> _What you have to do_
Write out nothing except the lines of the entries below, from the first through the one containing "Personalized Georgia Beach", exactly and without pictures.

Crawled caption data

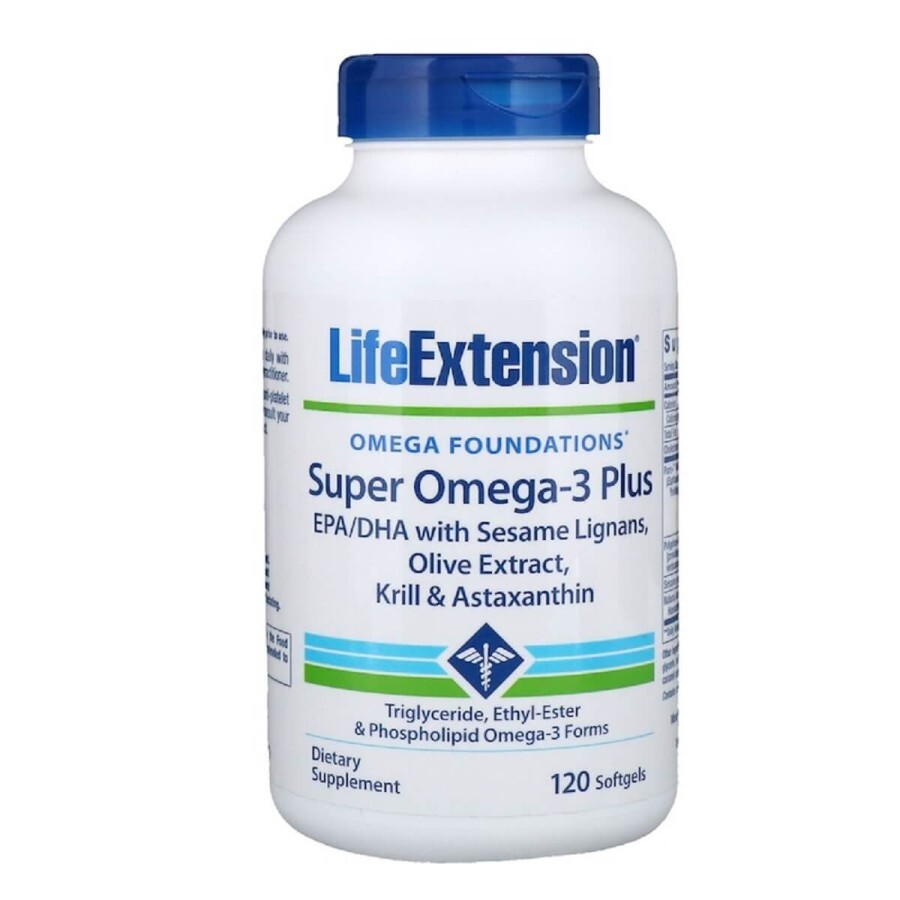 Супер Омега-3 Плюс Omega Foundations Super Omega-3 Plus Life Extension 120 желатинових капсул: ціни та характеристики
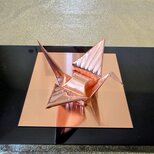 銅板折り鶴　筋入仕様　【真羽】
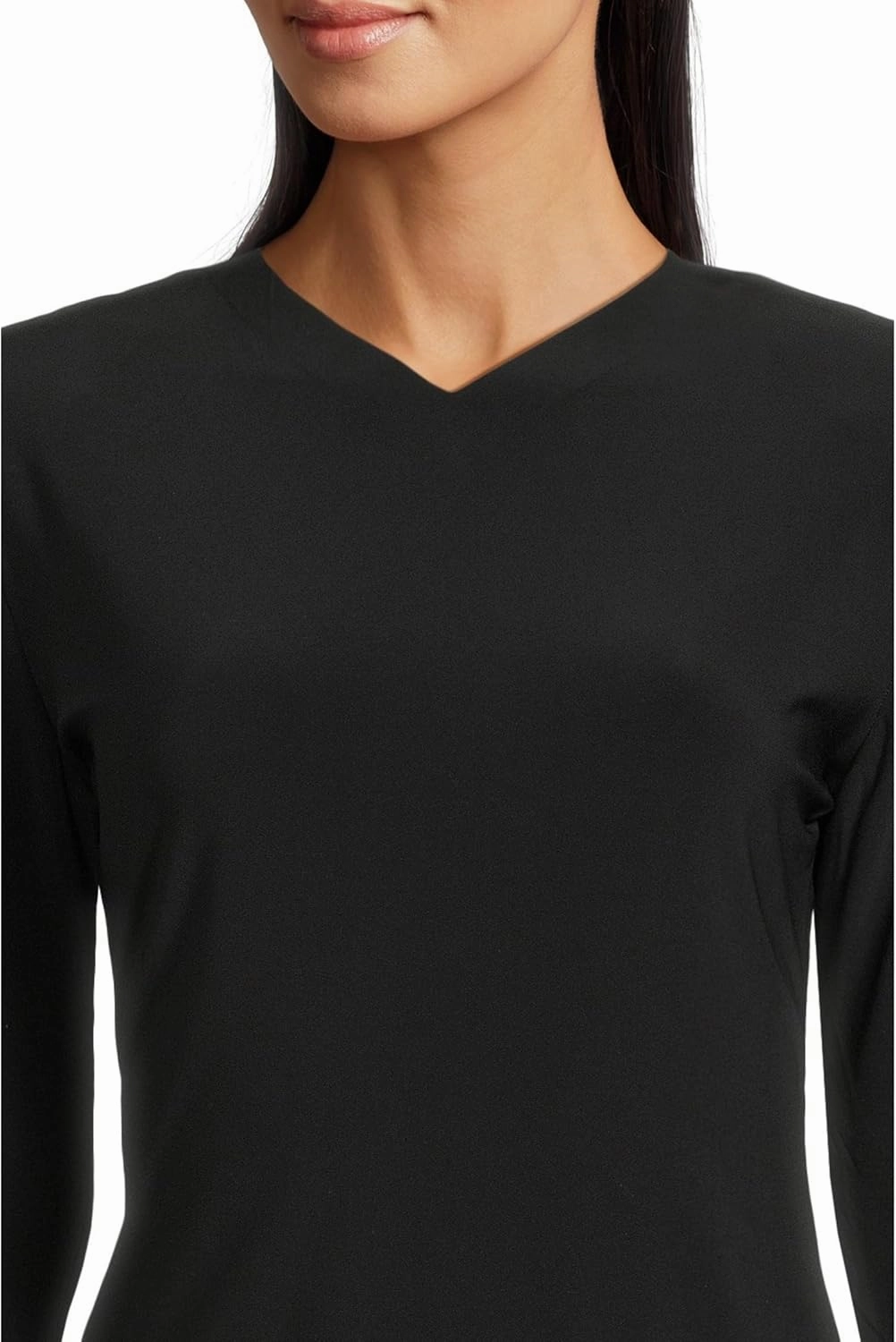 Norma Kamali Women's Long Sleeve Shoulder Pad V Neck Top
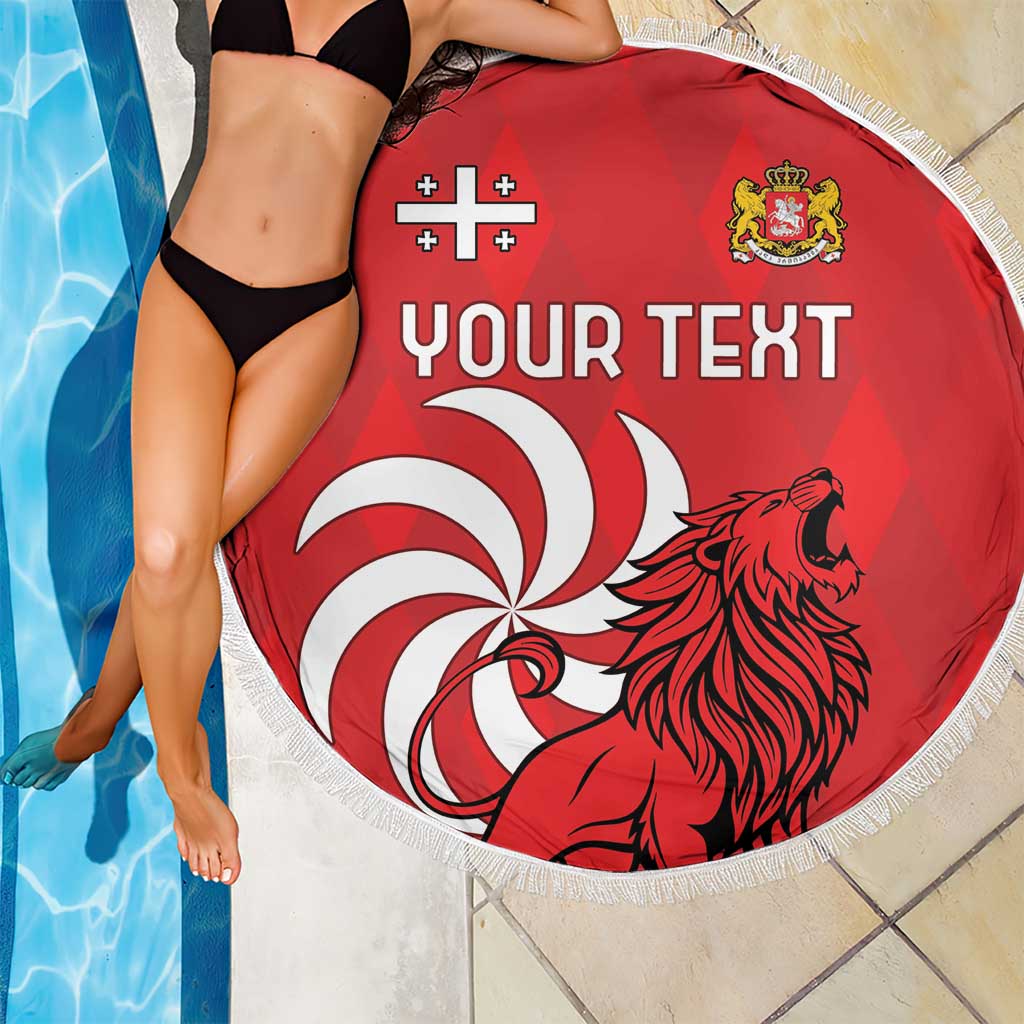 Personalized Georgia Beach Blanket Lion Borjgali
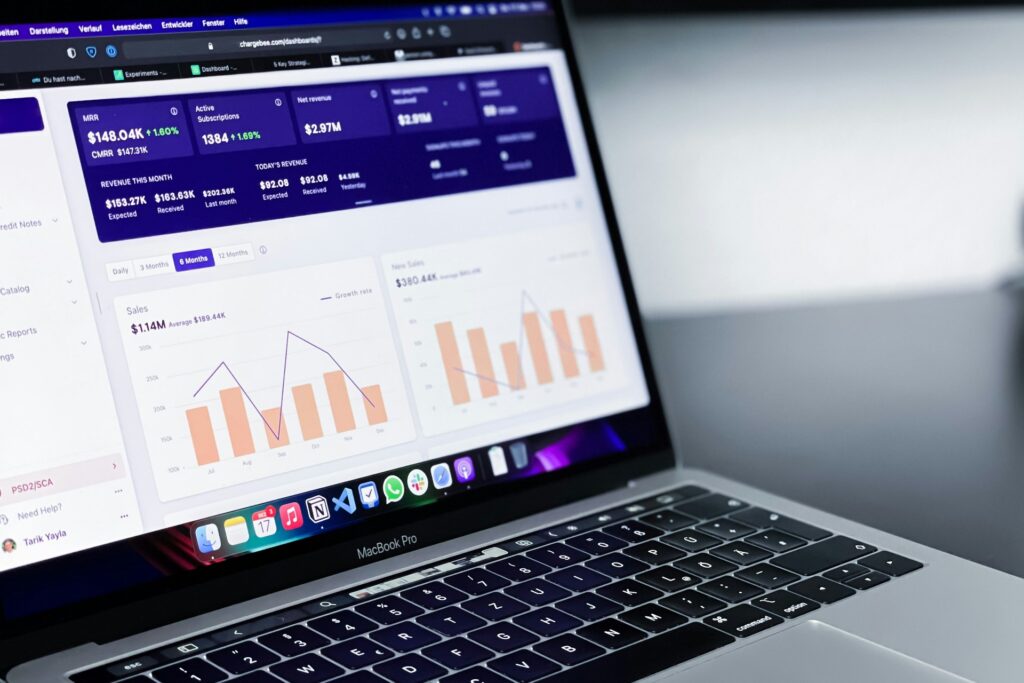 Laptop screen shows a tool for users to check web traffic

> _Written answer_
 Супер Омега-3 Плюс Omega Foundations Super Omega-3 Plus Life Extension 120 желатинових капсул: ціни та характеристики
 銅板折り鶴　筋入仕様　【真羽】
 Norma Kamali Women's Long Sleeve Shoulder Pad V Neck Top
 Personalized Georgia Beach Blanket Lion Borjgali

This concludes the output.